Data:

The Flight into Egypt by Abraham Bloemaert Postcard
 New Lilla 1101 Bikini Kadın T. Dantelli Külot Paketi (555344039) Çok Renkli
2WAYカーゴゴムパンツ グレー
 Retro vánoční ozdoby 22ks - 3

Prompt: Copy task. Give back the whole listing exactly as written.

Written answer:
The Flight into Egypt by Abraham Bloemaert Postcard
 New Lilla 1101 Bikini Kadın T. Dantelli Külot Paketi (555344039) Çok Renkli
2WAYカーゴゴムパンツ グレー
 Retro vánoční ozdoby 22ks - 3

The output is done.